INSTRUCTIONS TO FOLLOW
Pictures excluded, retype the lines from the one containing "Used Peugeot 208" through the last line of the data below, both included.

SOURCE MATERIAL
____________________

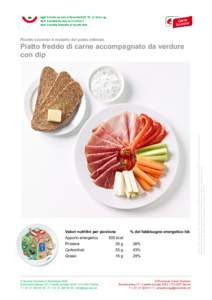 Microsoft Word - Piatto freddo di carne accompagnato da verdure.docx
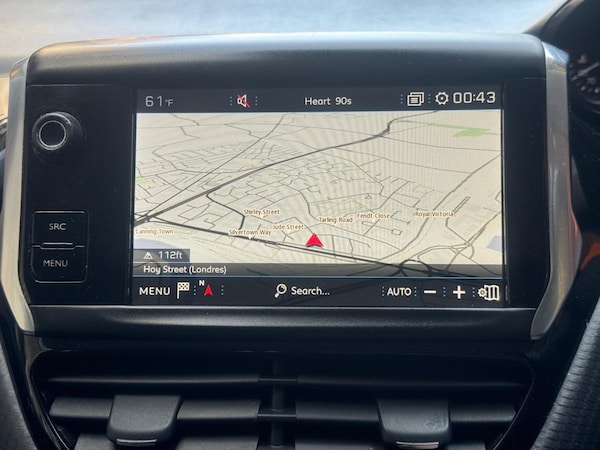 Used Peugeot 208 2019 for sale - 75508005: Photo 42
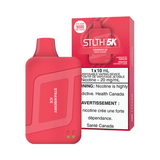 STLTH Box 5K Disposable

____________________

REPLY TO THE TASK
 Used Peugeot 208 2019 for sale - 75508005: Photo 42
 STLTH Box 5K Disposable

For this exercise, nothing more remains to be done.